Évaluation de la méthode ADNe pour la détection et la lutte contre les espèces exotiques envahissantes végétales

Introduite en dehors de leur aire de répartition naturelle, les Espèces Exotiques Envahissantes (EEE) modifient profondément les équilibres écologiques en se propageant durablement et en rentrant en compétition avec la biodiversité native. La lutte contre les EEE, notamment végétales, est devenue indispensable dans le cadre de la préservation de la biodiversité. Dans une démarche prospective et novatrice, Grenoble Alpes Métropole a souhaité évaluer une méthodologie de détection moléculaire précoce des astéracées, famille de plantes herbacées dont certaines espèces, comme l'aster lancéolé, sont considérées comme invasives, afin d'améliorer la planification des actions territoriales de management paysager des invasions.

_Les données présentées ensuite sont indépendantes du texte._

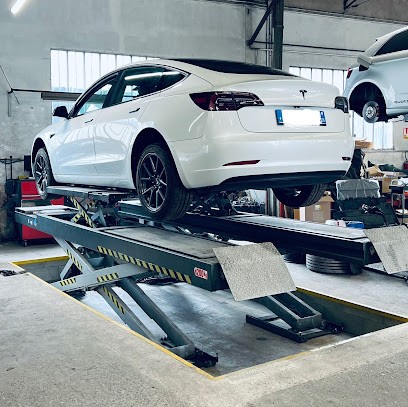 Trezy, Garage Automobile à Chabeuil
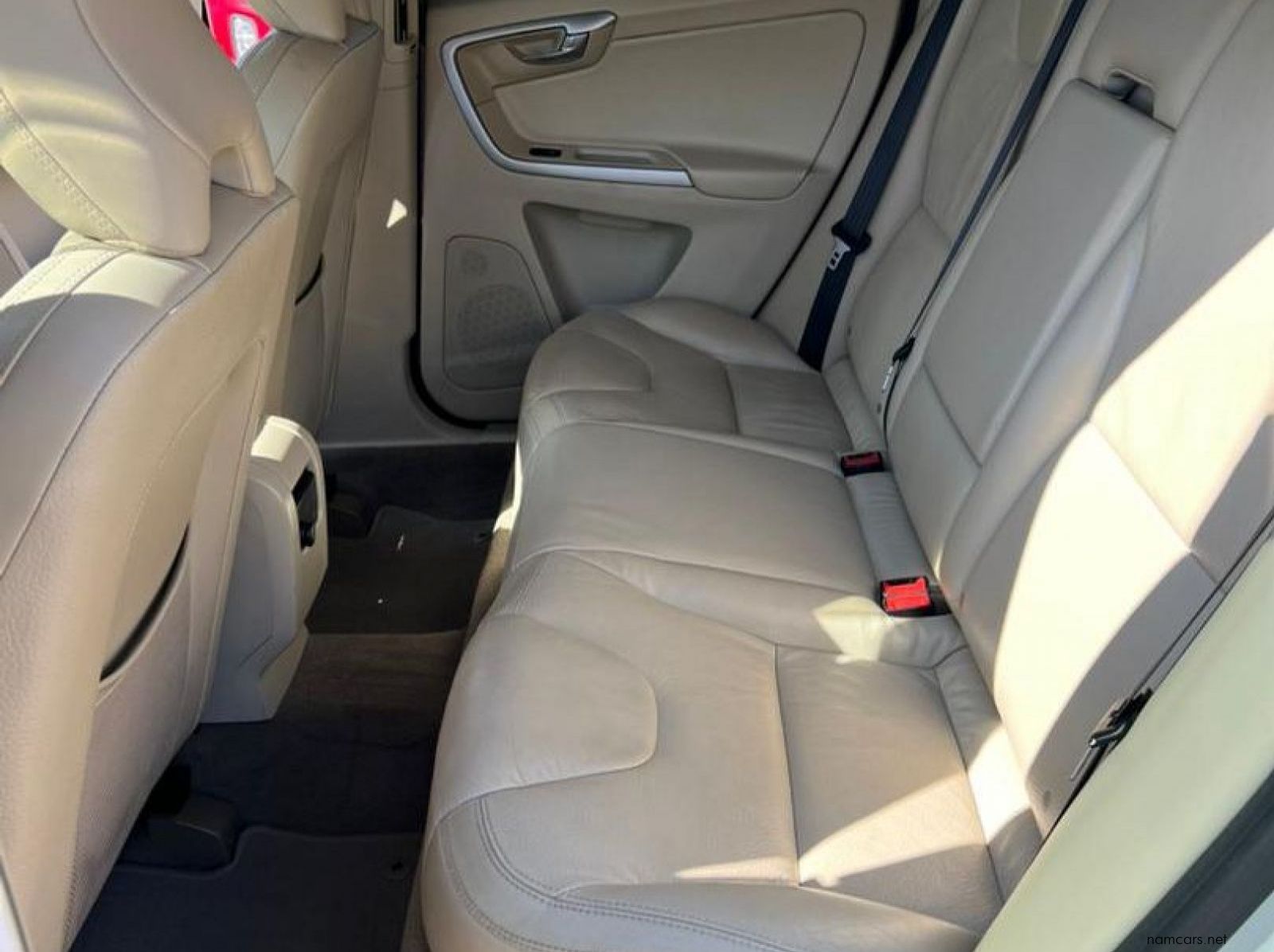 2011 Volvo XC60 T5 pictures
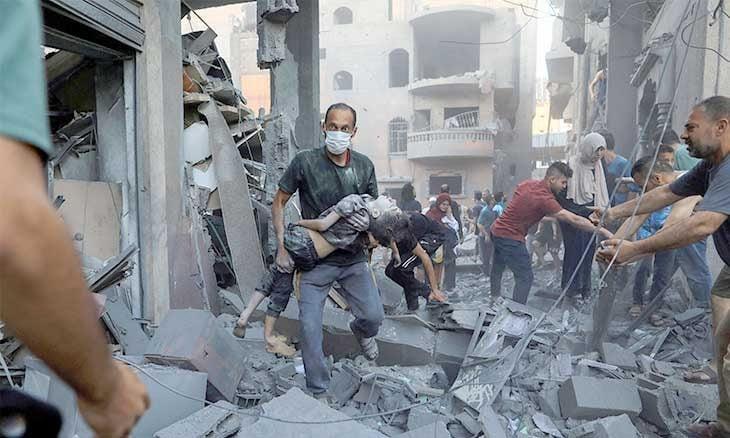 تصعيد دموي وخرق خطير لاتفاق وقف إطلاق النار.. وعمليات الإنقاذ تتواصل وسط دمار واسع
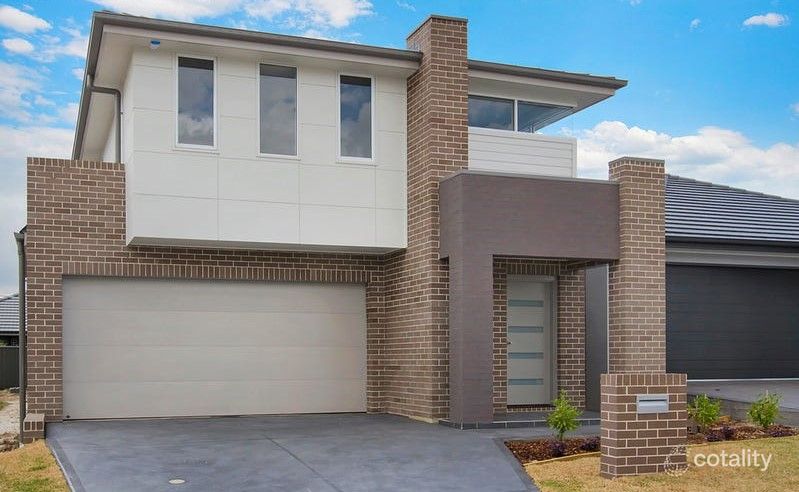 14 Glycine St, Denham Court, NSW 2565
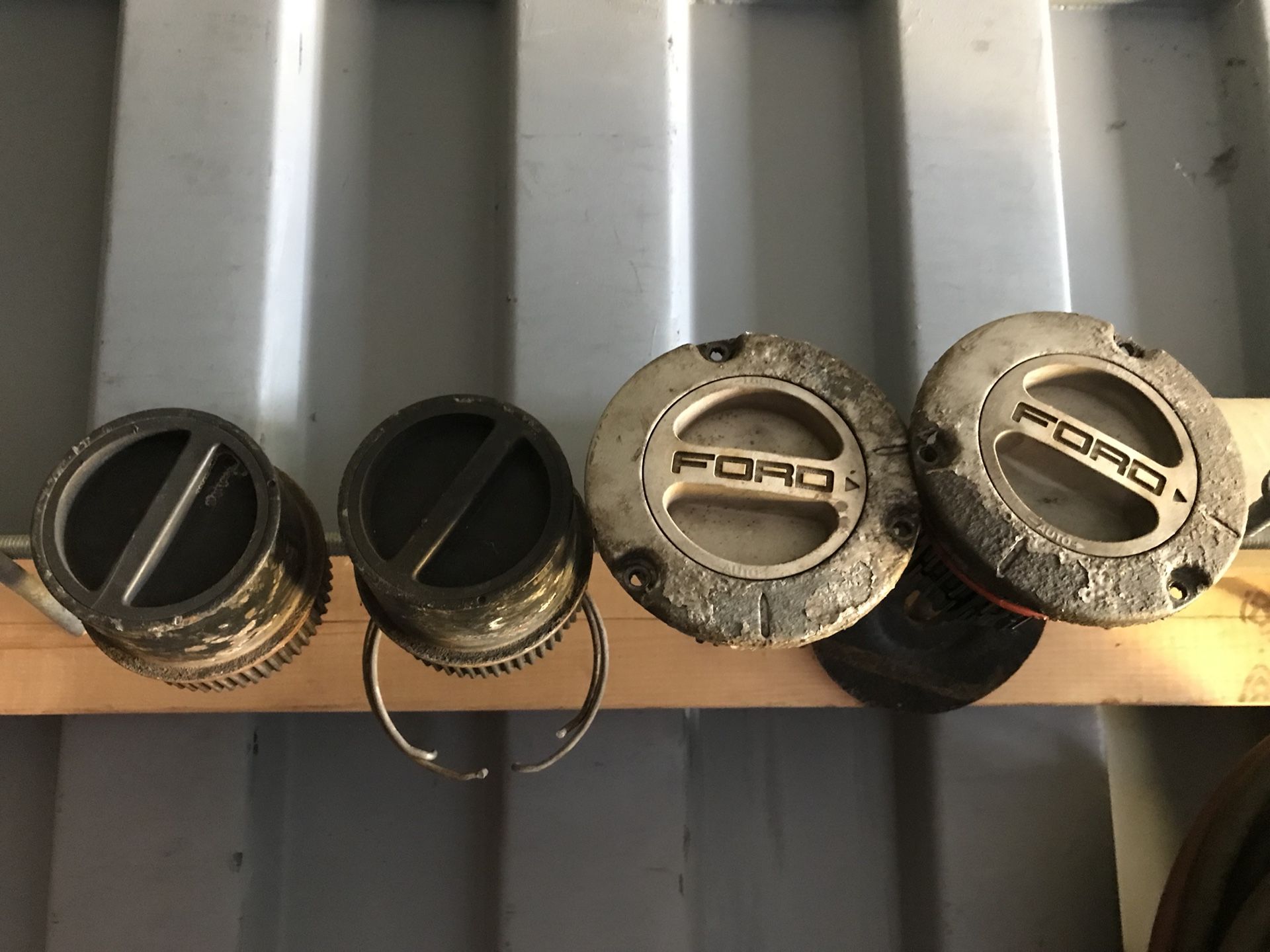 Ford 4x4 hubs / hubcaps / tail lights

Mission d'ARGALY, en collaboration avec CRISALID : 

Tester un plan expérimental basé sur la méthode de metabarcoding ADNe en vue de détecter des espèces herbacées vivaces invasives dans un espace naturel de la métropole grenobloise.

Échantillonnage

Le parc Hubert Dubedout, géré par Grenoble Alpes Métropole, a été choisi comme site d'étude. Cinq parcelles présentant différents degrés d'infestation ont été définies comme suit :

  1. Parcelle non infestée : zone a priori vierge de toute EEE utilisée comme témoin négatif, en milieu de prairie

  2. Parcelle émergente : zone identifiée à la suite de rares observations d'EEE sur le terrain

  3. Parcelle peu infestée : zone présentant quelques plantes invasives 

  4. Parcelles infestées : deux zones avec observations régulières d'astéracées invasives. Ces deux parcelles sont soumises à des traitements d'intervention différents : l'une a fait l'objet d'un fauchage (A) tandis que l'autre a subi un arrachage (B) des plants d'asters. 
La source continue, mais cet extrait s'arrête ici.